Input data Block Start
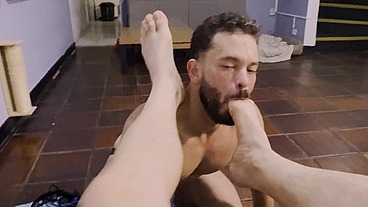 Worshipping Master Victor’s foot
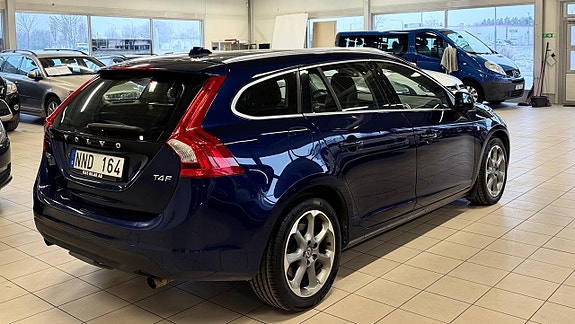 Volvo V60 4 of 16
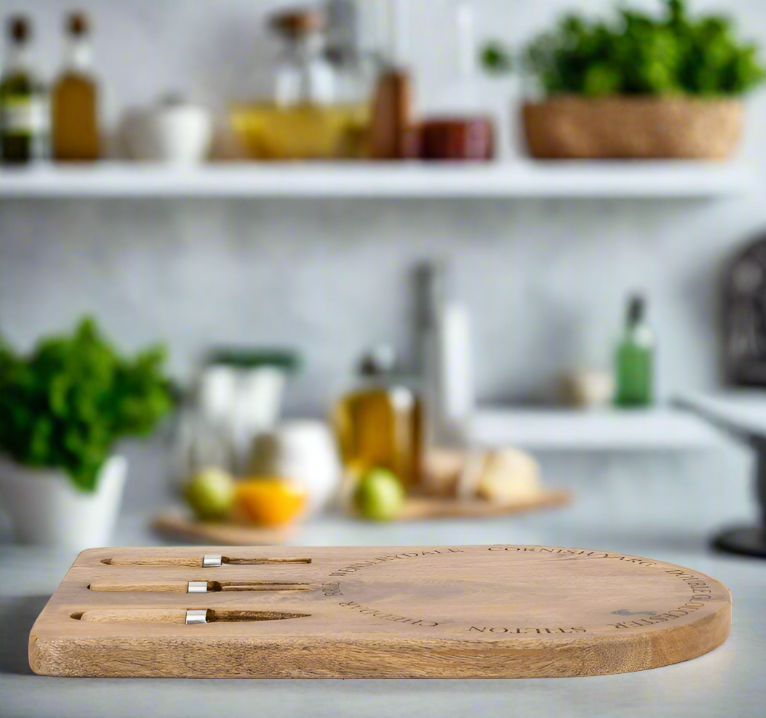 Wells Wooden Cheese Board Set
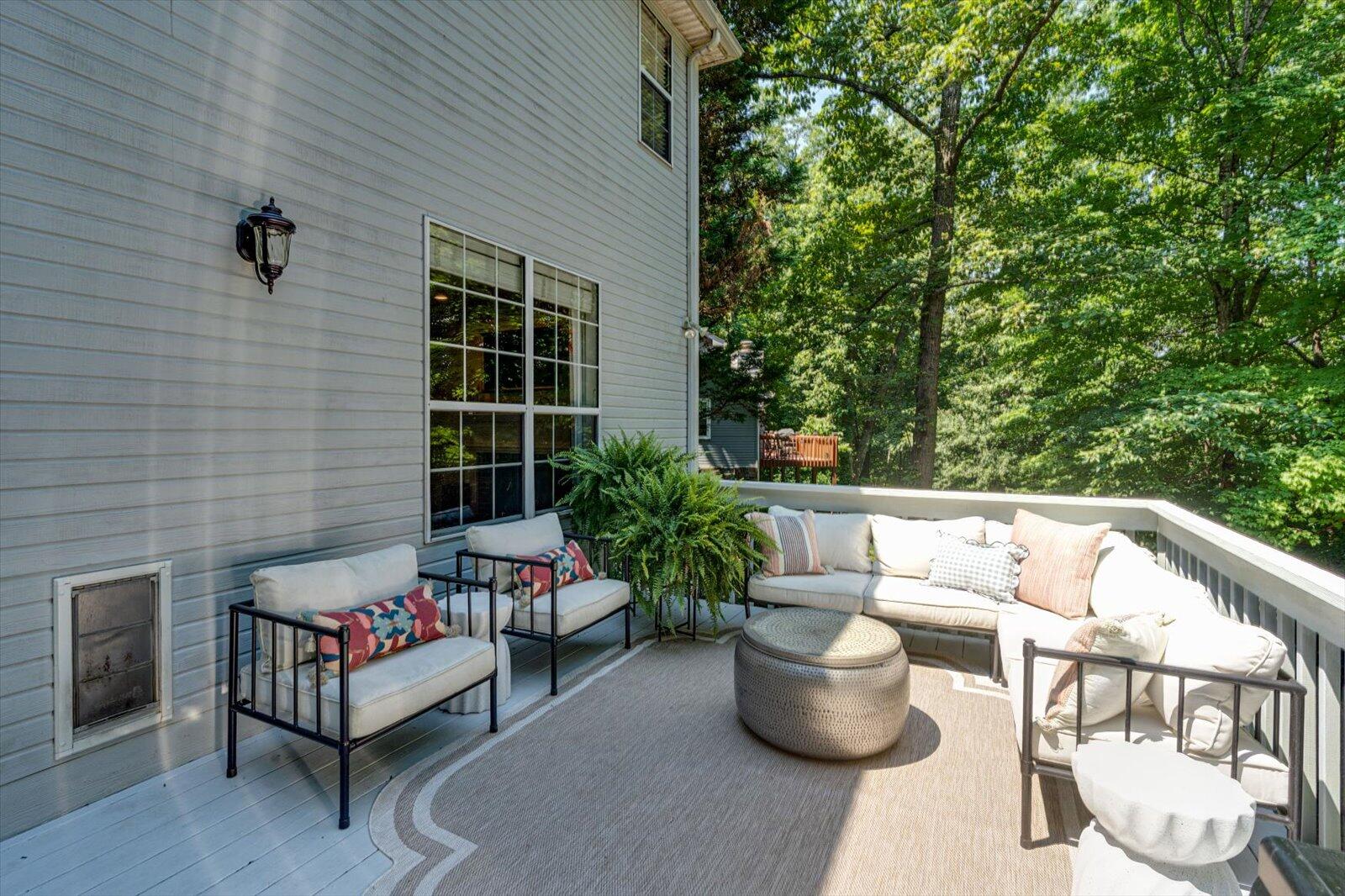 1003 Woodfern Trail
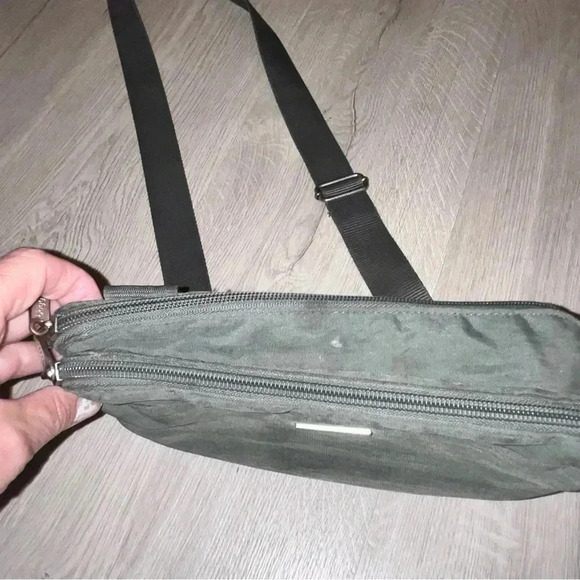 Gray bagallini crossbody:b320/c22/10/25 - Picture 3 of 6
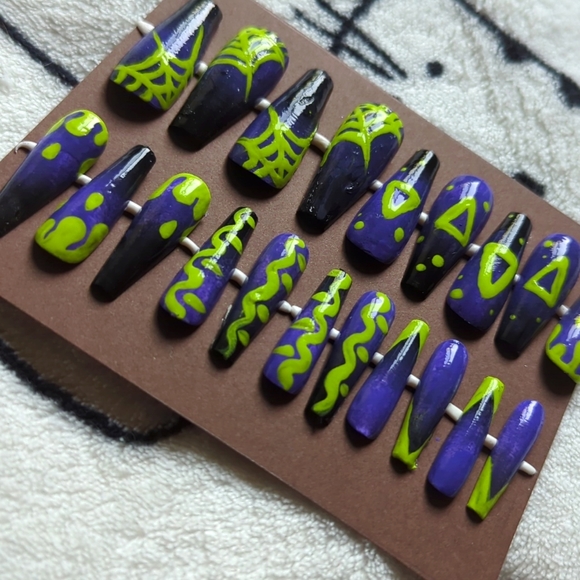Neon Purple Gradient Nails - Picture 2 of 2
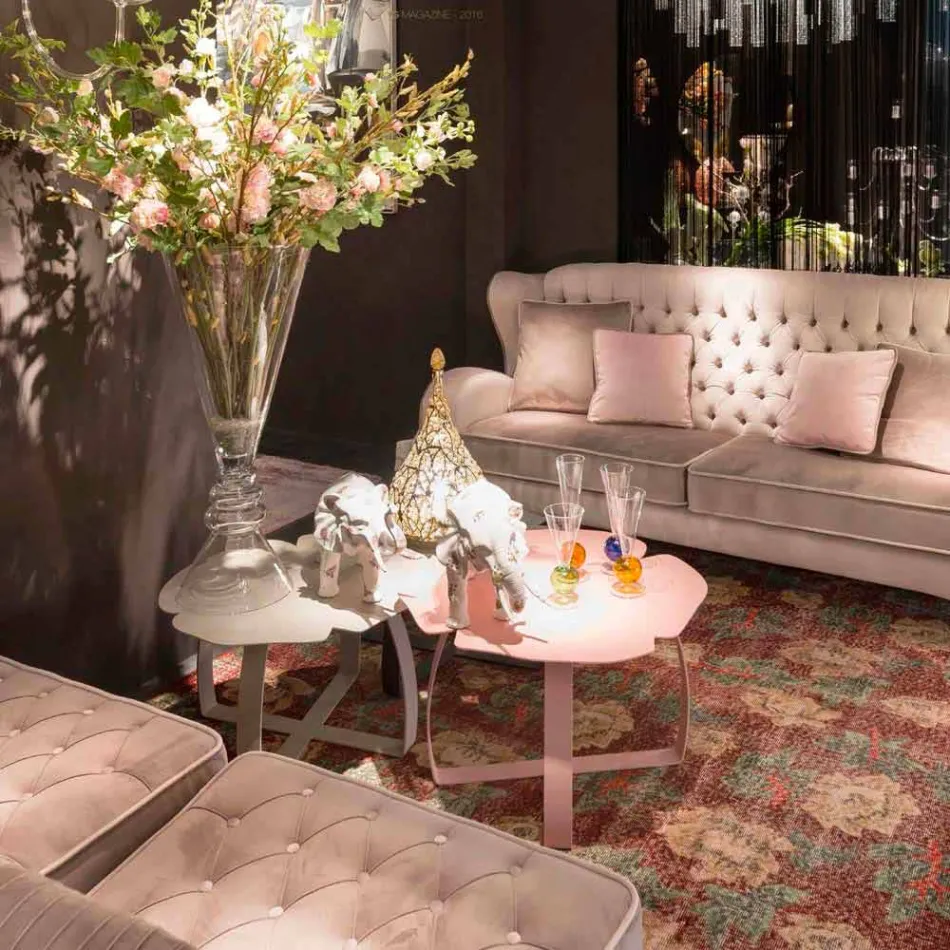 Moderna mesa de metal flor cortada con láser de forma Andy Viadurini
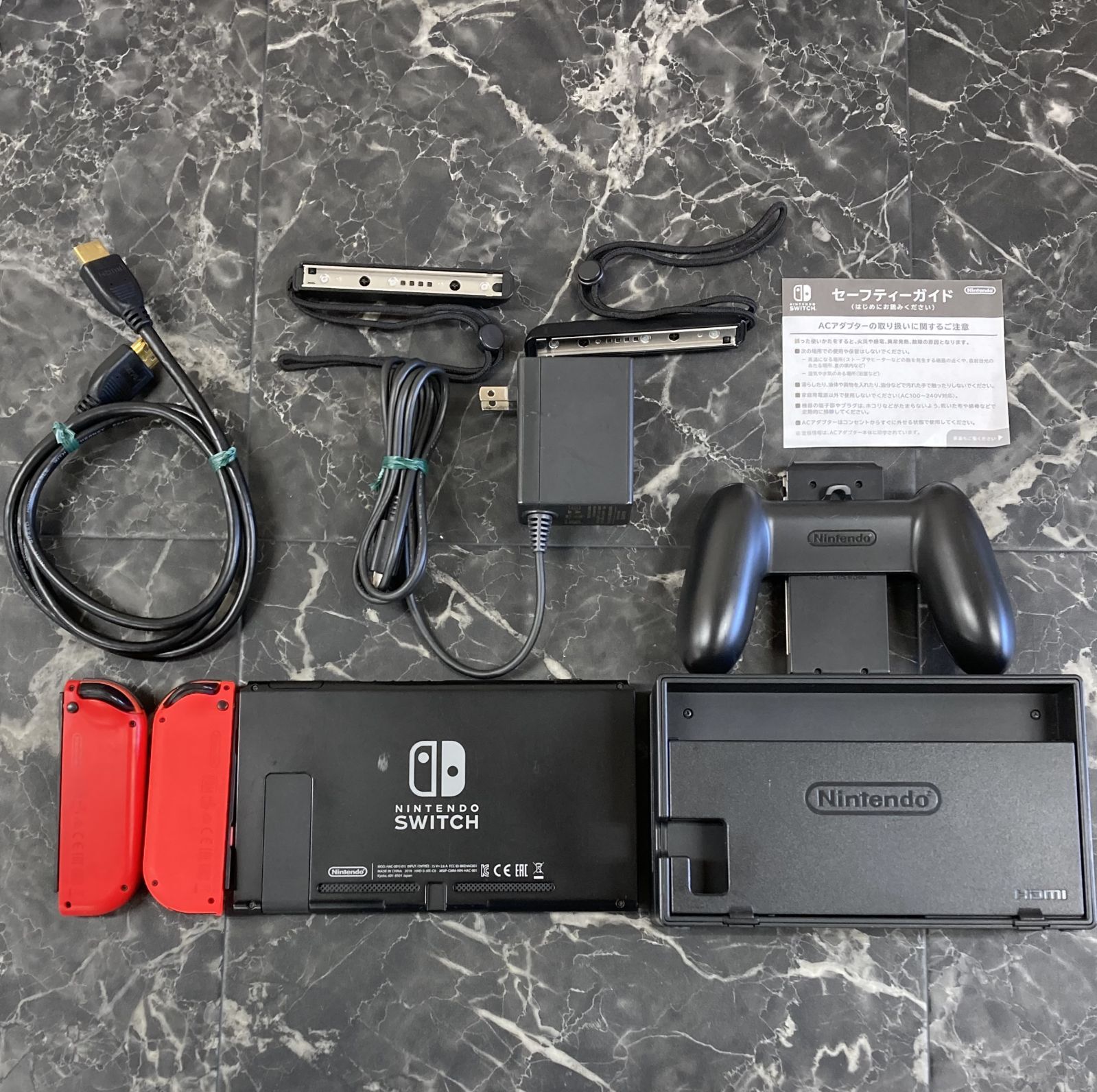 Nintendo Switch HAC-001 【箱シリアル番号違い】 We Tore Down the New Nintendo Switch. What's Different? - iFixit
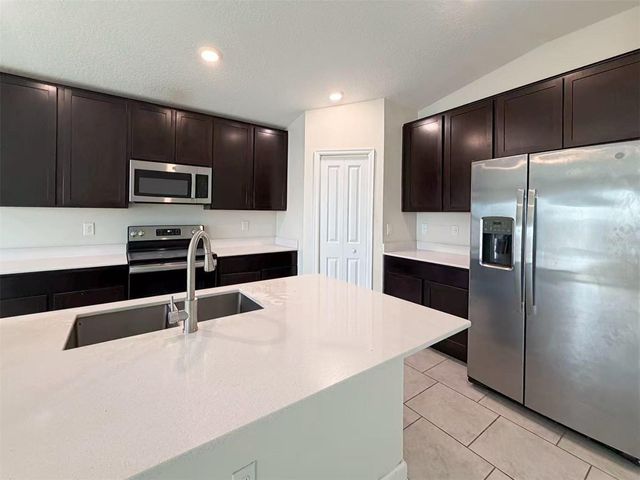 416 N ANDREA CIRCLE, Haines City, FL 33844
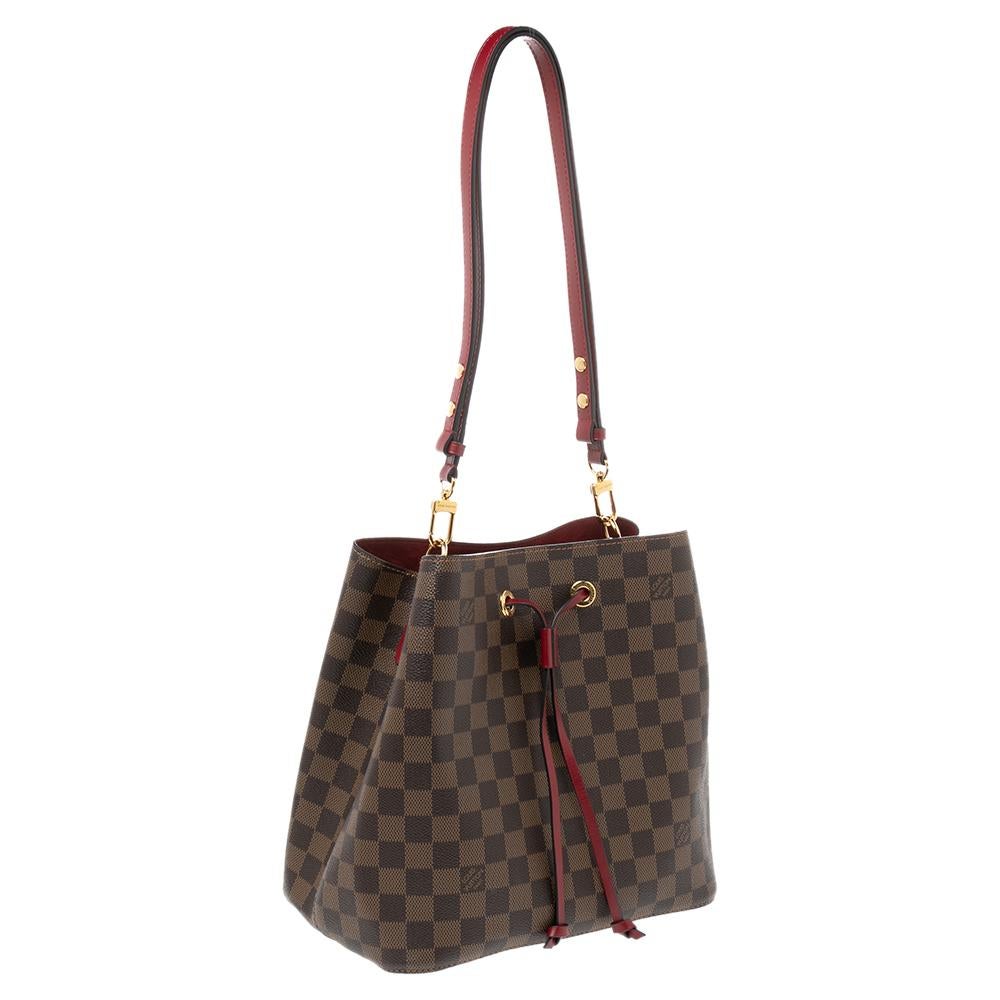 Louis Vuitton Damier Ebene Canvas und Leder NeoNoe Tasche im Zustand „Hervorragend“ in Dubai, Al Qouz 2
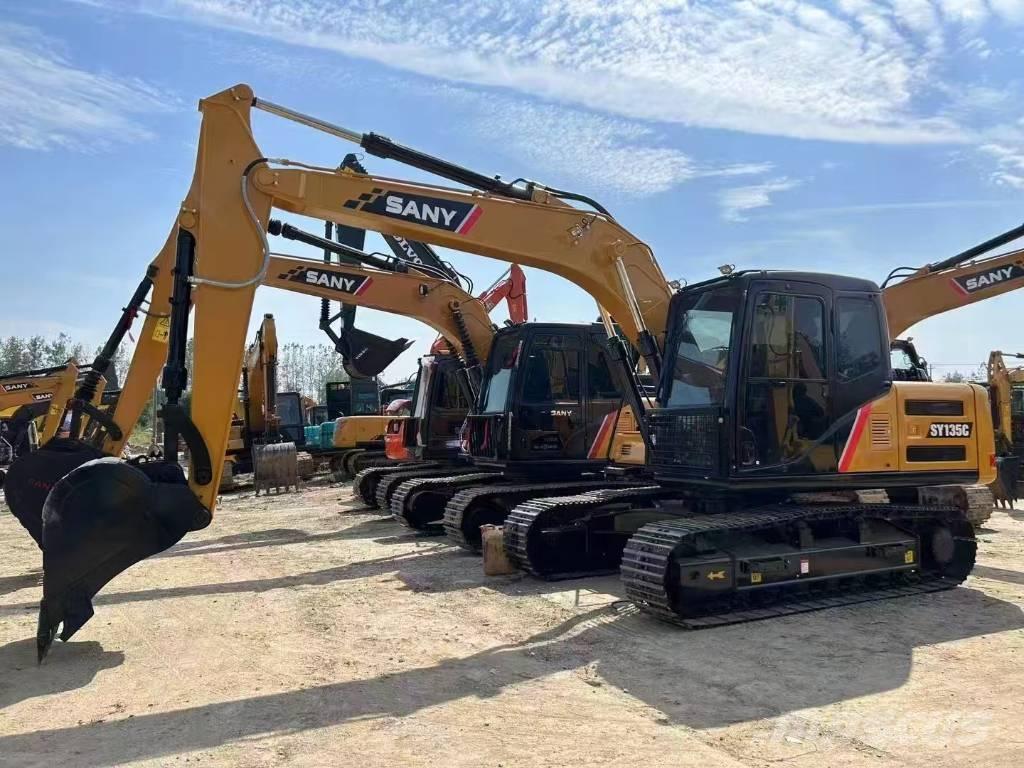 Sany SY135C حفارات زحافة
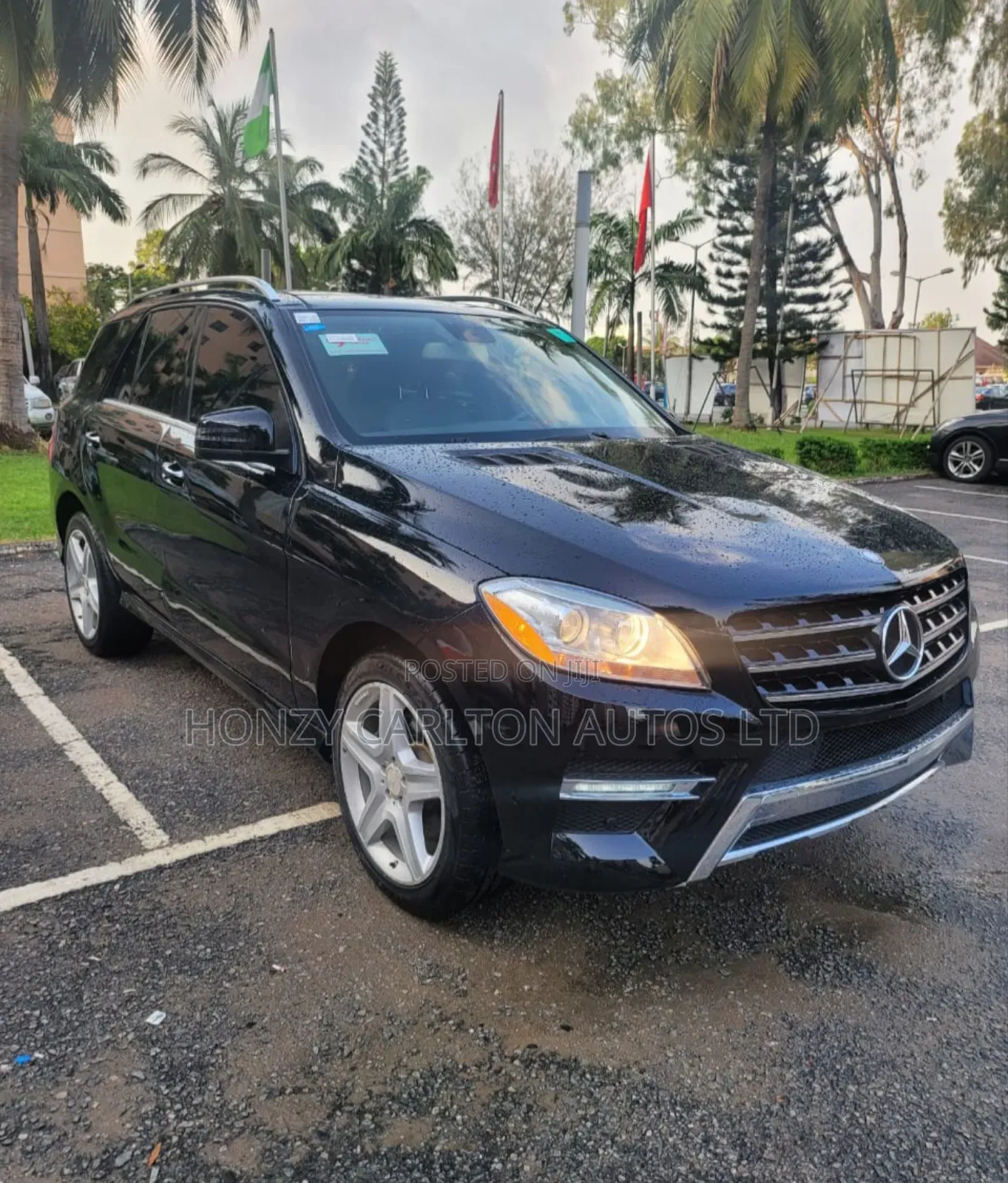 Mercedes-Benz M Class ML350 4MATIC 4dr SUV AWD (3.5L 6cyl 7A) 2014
Input data Block End
■ **The task**: Pictures are to be left out. Otherwise, copy the material above exactly.

■ **Task output**:
 Worshipping Master Victor’s foot
 Volvo V60 4 of 16
 Wells Wooden Cheese Board Set
 1003 Woodfern Trail
 Gray bagallini crossbody:b320/c22/10/25 - Picture 3 of 6
Neon Purple Gradient Nails - Picture 2 of 2
 Moderna mesa de metal flor cortada con láser de forma Andy Viadurini
 Nintendo Switch HAC-001 【箱シリアル番号違い】 We Tore Down the New Nintendo Switch. What's Different? - iFixit
 416 N ANDREA CIRCLE, Haines City, FL 33844
 Louis Vuitton Damier Ebene Canvas und Leder NeoNoe Tasche im Zustand „Hervorragend“ in Dubai, Al Qouz 2
 Sany SY135C حفارات زحافة
 Mercedes-Benz M Class ML350 4MATIC 4dr SUV AWD (3.5L 6cyl 7A) 2014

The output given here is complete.